Within the listing below, the lines to output run from the one containing "더소프트아이보리 the soft" through the one containing "Tek başına oynuyor ve zengin oluyor"; copy them exactly and nothing else.
===== Data extract =====
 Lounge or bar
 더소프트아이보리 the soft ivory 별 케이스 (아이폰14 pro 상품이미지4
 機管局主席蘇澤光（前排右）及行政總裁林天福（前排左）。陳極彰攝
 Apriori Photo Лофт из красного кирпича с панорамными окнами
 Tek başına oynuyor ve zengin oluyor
=====
===== Data extract =====
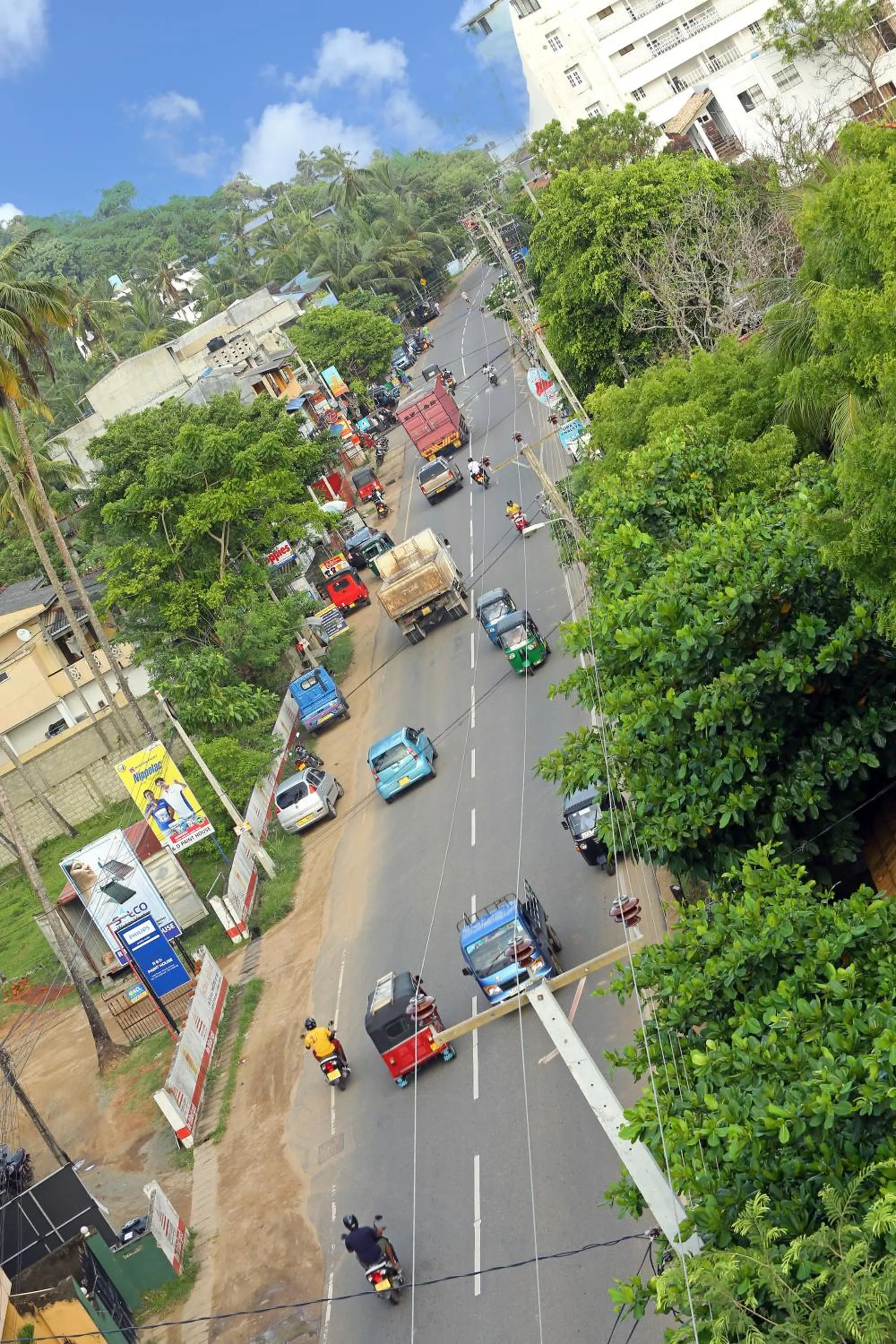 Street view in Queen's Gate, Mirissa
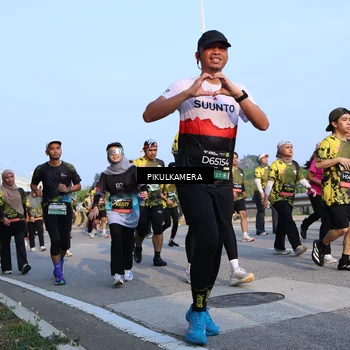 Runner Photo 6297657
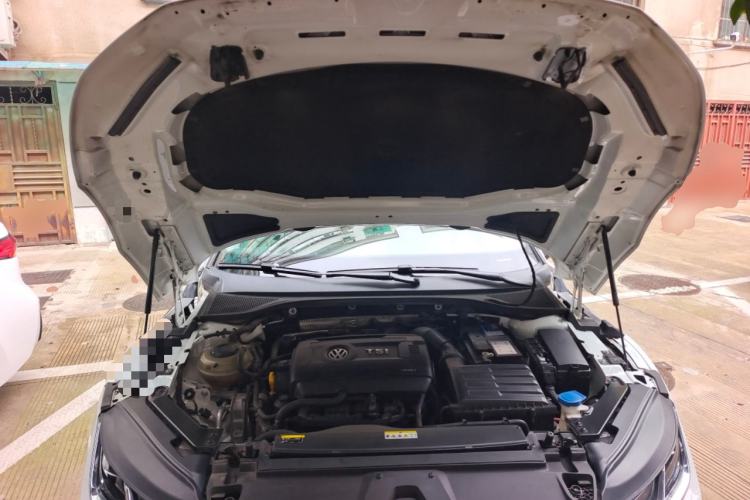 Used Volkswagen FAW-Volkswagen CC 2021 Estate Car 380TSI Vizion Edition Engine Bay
=====
**Solution**
 더소프트아이보리 the soft ivory 별 케이스 (아이폰14 pro 상품이미지4
 機管局主席蘇澤光（前排右）及行政總裁林天福（前排左）。陳極彰攝
 Apriori Photo Лофт из красного кирпича с панорамными окнами
 Tek başına oynuyor ve zengin oluyor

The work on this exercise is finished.